La riforma del ministro De Lorenzo, esponente di quel Partito liberale che aveva votato contro nel 1978 la legge istitutiva del Servizio sanitario nazionale, nei primi anni ‘90 ha esautorato (e deresponsabilizzato) le autonomie locali in forza di una sconsiderata regionalizzazione del governo della salute pubblica.
L’Anci dei Sindaci superstar, piegata alla politica-spettacolo, non ha saputo reagire adeguatamente, causa l’appassionato e pressoché esclusivo concentrarsi su argomenti di più facile sponsorizzazione.
Ad ogni buon conto, ci sono esempi di altra consistenza morale e politica.
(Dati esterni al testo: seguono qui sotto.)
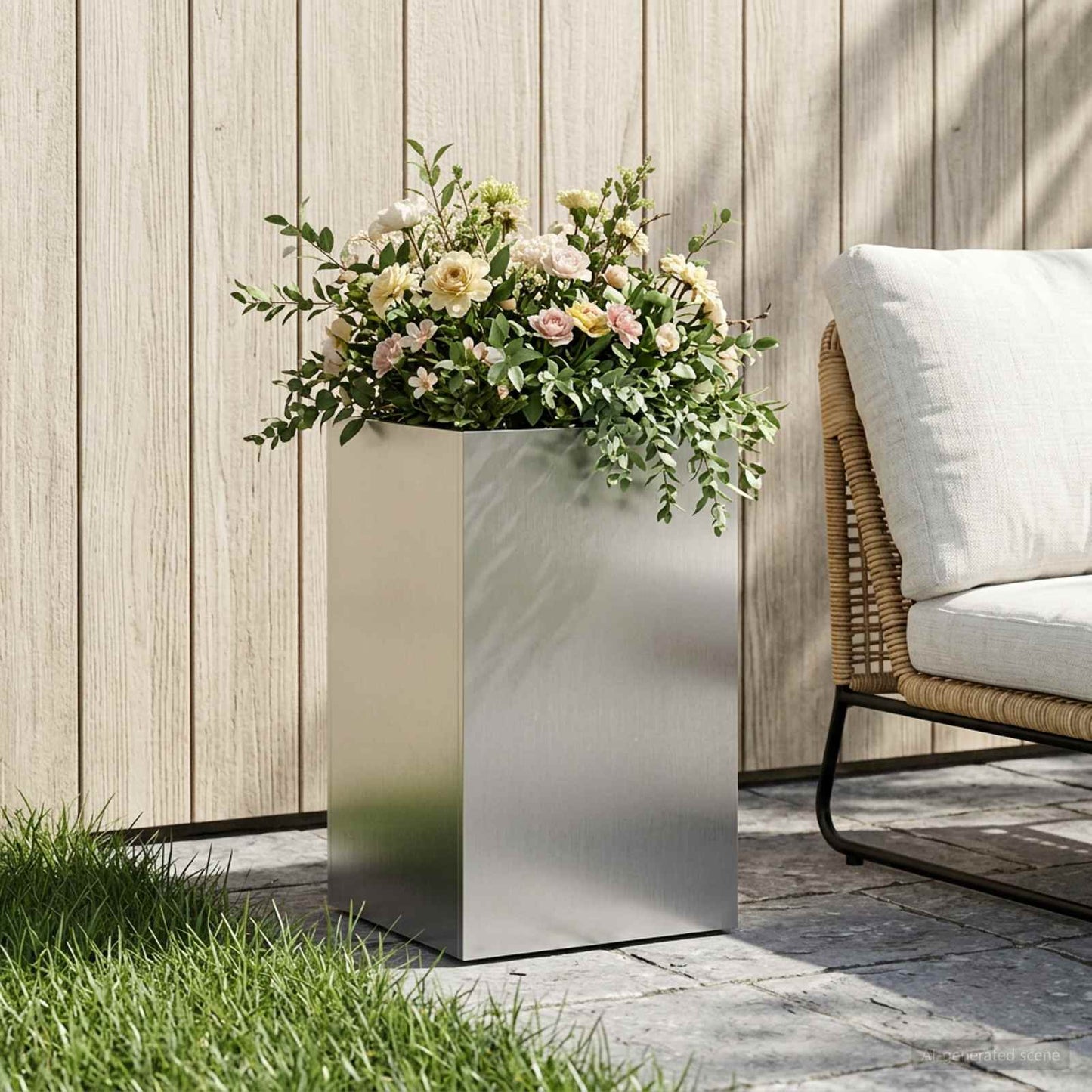 Garden Planter Silver 30 x 30 x 40 cm Stainless Steel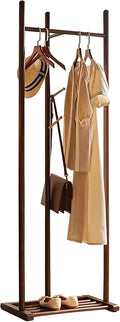 Bamboo Garment Rack, Sturdy Clothing Rack for Hanging Clothes, Clothing Organizer Hat Tree with Storage Shelves and Hanging Hooks, Suitable for Bedroom, Office, Living Room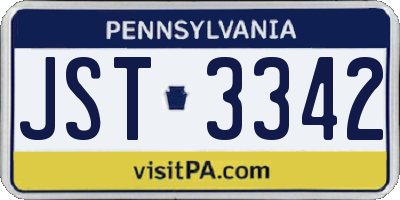 PA license plate JST3342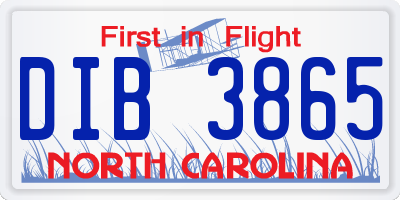 NC license plate DIB3865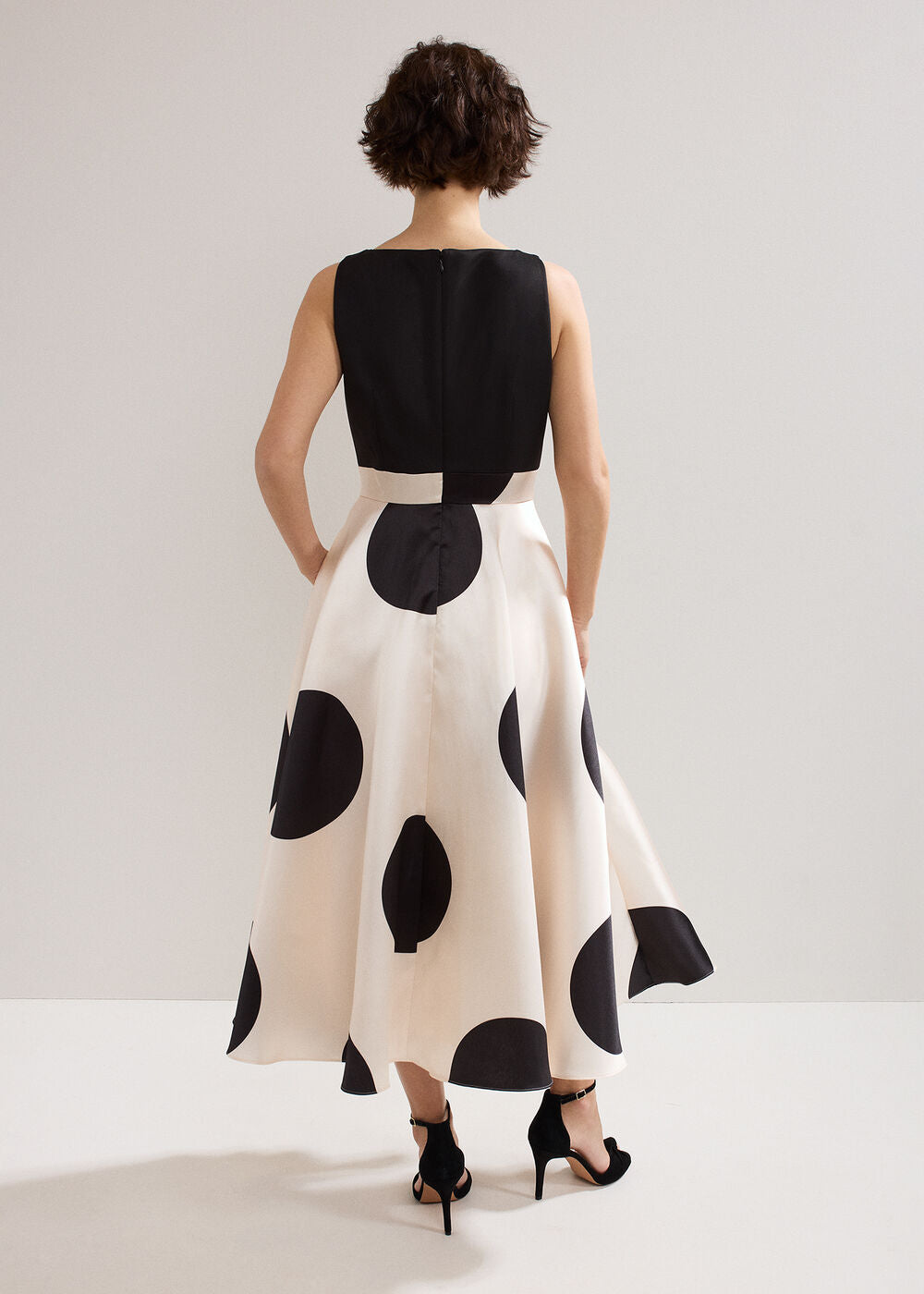 Delie Spot Dress - Black/Ivory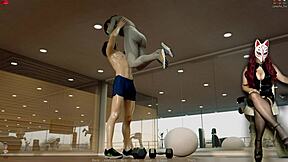 Ms. Denvers in cosplay hentai game, big tits episode 49.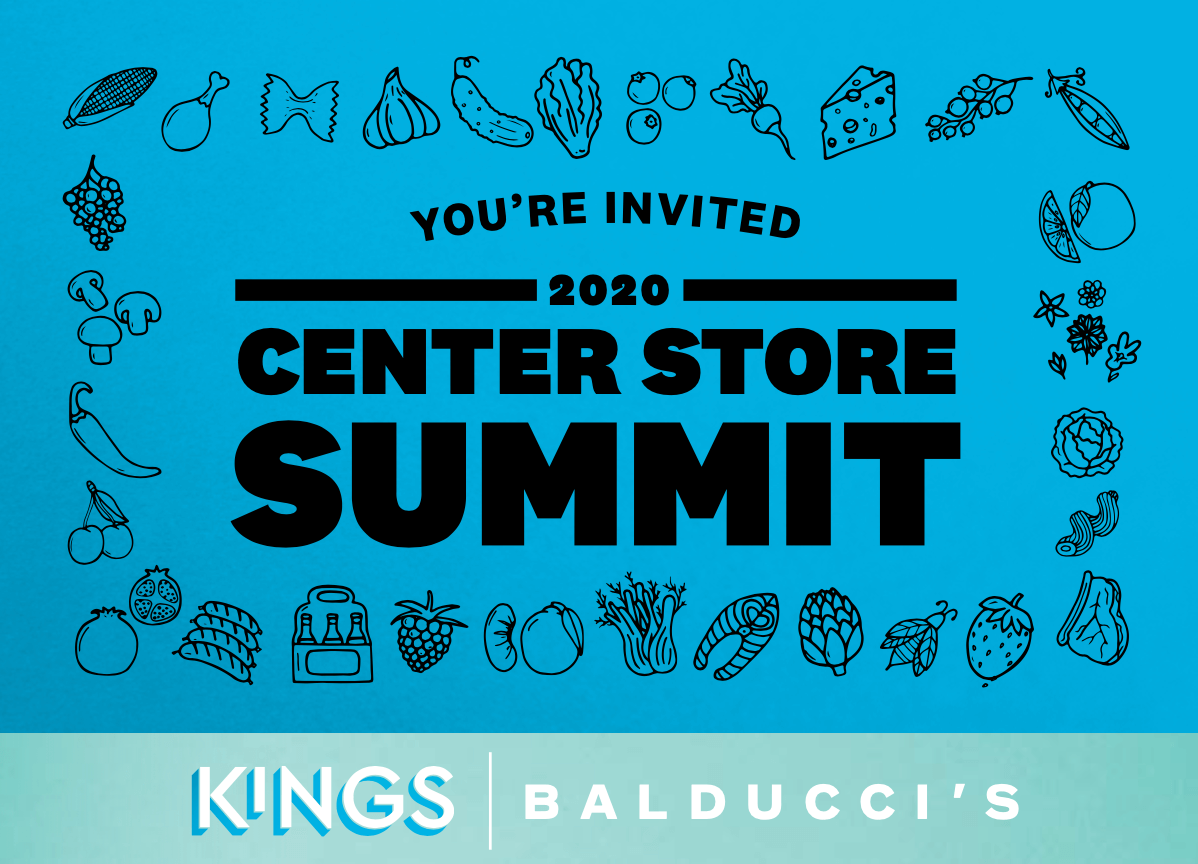 Kings Balducci's Center Store Summit 2020 placard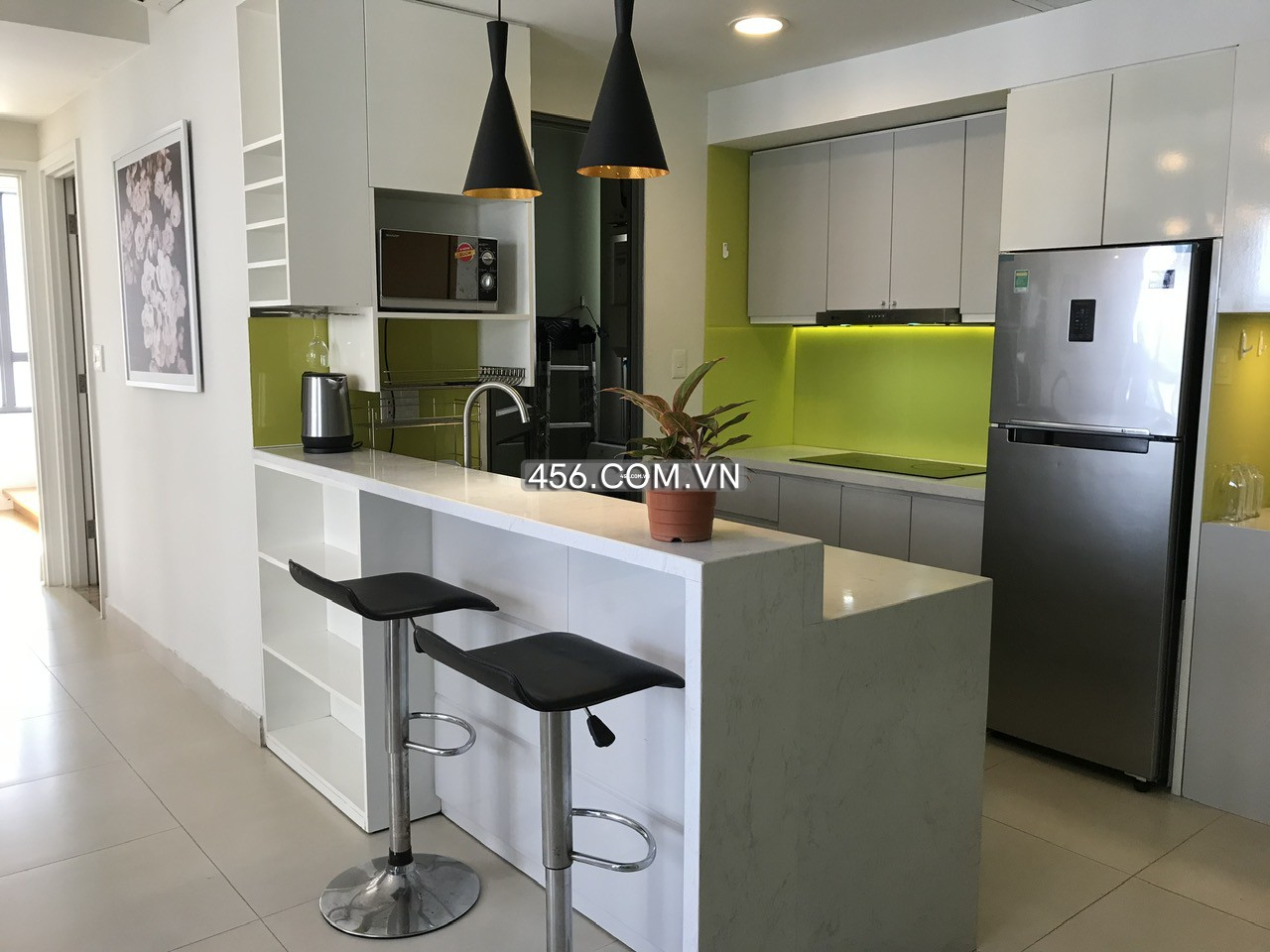 Hinh-2 Bedrooms Masteri Thao Dien Apartment For rent HighFloor Open Kitchen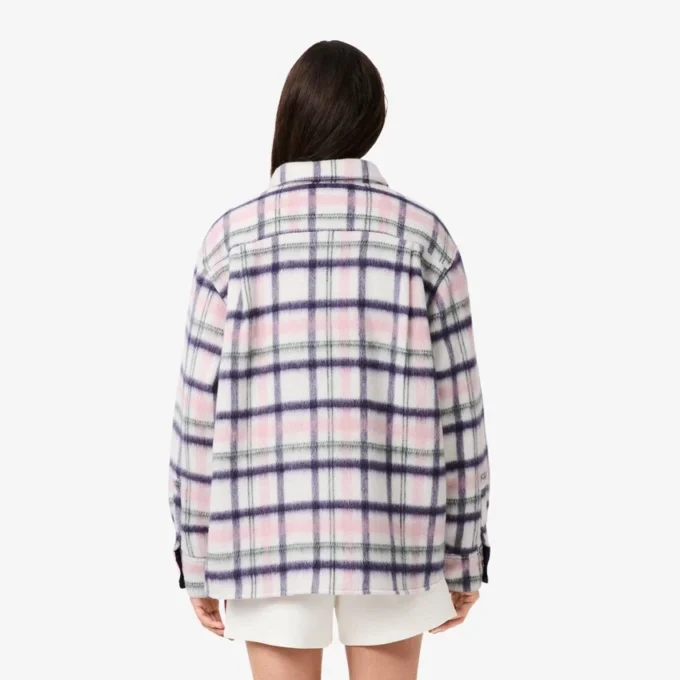 Oversized gewatteerd wollen overshirt voor dames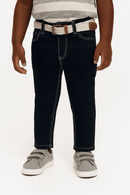 Dark Wash Belted 5 Pocket Jeans Darkwash Nawao.com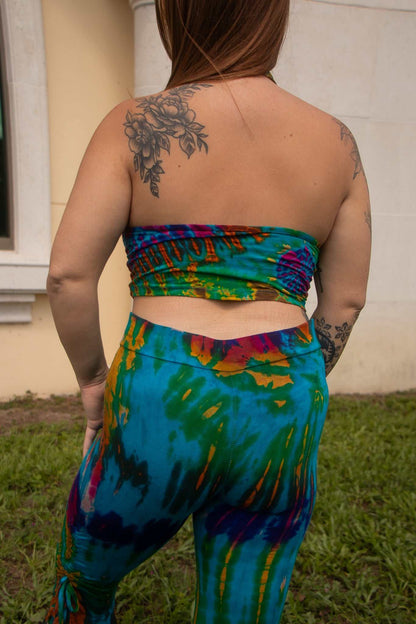 Turquoise ruffle pants & top set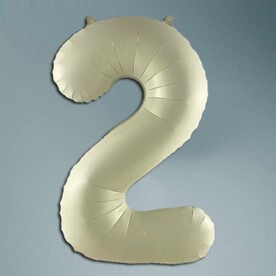 Шар цифра кремовый сатин 2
Migliaia di amministratori locali prestano il loro servizio con serietà, lontani dai riflettori, costituendo silenziosamente una riserva di credibilità e di speranza. Operano con passione e intelligenza, dimostrando che la preparazione non è un requisito secondario del buongoverno.
Comunque, è proprio dai Comuni che l’Italia deve ripartire, contando sull’avvento di una nuova generazione di Sindaci e amministratori locali, possibilmente più consapevoli della delicatezza delle funzioni e delle responsabilità che ricadono sulle loro spalle.
Il Comune è la palestra della democrazia, il luogo dove si manifesta la vocazione al servizio della comunità. Non deve trasformarsi nel piedistallo di nessuno, nemmeno del “primo delegato” della comunità locale.
Se domani dovesse rinascere un partito d’ispirazione cristiana, di certo sarebbe suo l’obiettivo, nel solco del municipalismo sturziano, di rimettere necessariamente a fuoco l’idea di “Repubblica delle autonomie” che la Costituzione innalza a principio ordinatore.